Hi Clement,
I heard you had a big smile on your face today. Well done.
Regarding your suggestion about copying into blocks, that is a very
good idea. The problem at present is that we break up into blocks
vertically, not horizontally. But we absolutely should be doing it
horizontally. The reason is that we could break along cache line
boundaries. Then if we copied into blocks as you suggest, before
calling M4RM, the time saving should be quite noticeable. I think I
will investigate this when I get some more time to work on this.

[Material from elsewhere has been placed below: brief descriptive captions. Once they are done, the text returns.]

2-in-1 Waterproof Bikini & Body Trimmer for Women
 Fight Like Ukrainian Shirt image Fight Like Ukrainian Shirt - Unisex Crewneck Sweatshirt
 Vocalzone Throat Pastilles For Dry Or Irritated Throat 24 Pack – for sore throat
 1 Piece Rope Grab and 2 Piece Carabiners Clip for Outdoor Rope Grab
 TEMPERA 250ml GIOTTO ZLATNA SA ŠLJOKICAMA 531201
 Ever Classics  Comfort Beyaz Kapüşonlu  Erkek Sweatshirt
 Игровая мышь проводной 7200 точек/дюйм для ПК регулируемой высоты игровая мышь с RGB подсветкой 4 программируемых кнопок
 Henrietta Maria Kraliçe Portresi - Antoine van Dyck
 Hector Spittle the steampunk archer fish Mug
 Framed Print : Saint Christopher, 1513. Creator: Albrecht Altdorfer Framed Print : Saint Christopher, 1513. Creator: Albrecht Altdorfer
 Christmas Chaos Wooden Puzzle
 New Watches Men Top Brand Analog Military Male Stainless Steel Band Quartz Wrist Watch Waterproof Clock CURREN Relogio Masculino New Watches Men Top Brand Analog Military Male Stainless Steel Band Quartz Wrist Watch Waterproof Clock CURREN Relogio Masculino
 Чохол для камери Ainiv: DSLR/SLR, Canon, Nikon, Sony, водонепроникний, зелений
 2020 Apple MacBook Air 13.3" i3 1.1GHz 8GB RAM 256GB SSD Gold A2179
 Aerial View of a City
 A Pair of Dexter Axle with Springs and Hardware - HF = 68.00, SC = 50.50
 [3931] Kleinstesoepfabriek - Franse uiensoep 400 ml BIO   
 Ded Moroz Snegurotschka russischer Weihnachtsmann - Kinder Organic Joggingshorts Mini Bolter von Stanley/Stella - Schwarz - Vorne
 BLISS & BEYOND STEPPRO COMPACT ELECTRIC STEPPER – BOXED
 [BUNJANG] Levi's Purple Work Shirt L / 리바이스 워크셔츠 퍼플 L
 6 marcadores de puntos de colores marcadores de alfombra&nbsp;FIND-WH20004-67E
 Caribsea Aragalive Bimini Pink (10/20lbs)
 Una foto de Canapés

Regarding the asymptotics, I think they are the same as Magma. The
time for addition is absolutely tiny in comparison with multiplication
(like 1000 times smaller). Each matrix above our crossover to Strassen
is also already well outside the L2 cache size. Thus there just isn't
anything to save either in cache friendliness or in the additions.
Thus I think the issue is actually still in the M4RM routine.
Basically 32000x32000 breaks down into matrices of size 2000x2000 when
it gets below the crossover. These smaller matrices are just taking
too long to multiply.
The reason that I formerly felt that there was a problem with Strassen
is that when we compared 10000x10000 and 20000x20000 it seemed that
Magma beat us for the latter, but not the former. But when 20000x20000
gets broken down, it can't get broken into 10000x10000 because 10000
is not divisible by 64. So it can't be broken in this way along a limb
boundary. So whatever it is broken down into is too slow. That's where
we need to focus our efforts now, I think.
Bill.
On 20 May, 02:14, Clement Pernet <[EMAIL PROTECTED]> wrote:
> hi guys,
>
> I am finally up to date with this discussion (I was being interviewed,
> and then flying when it started).
> First, congrats for the great job you have achieved. I have started to
> dive into m4ri, and I really like the quality of the code.
>
> I have a few remarks
>
> * the loop unrolling technique used for the creation of the table, could
> maybe be used in the computation of the product as well.
> Is 8 optimal? I remember seeing 32 in ATLAS, but don't know of any
> justifications. Since some pipeline are longer than 8, this might be
> better to have a longer unrolled loop.
>
> * I am not sure about this, but wouldn't it be better to have a block
> decomposition that matches the babystep-giantstep structure?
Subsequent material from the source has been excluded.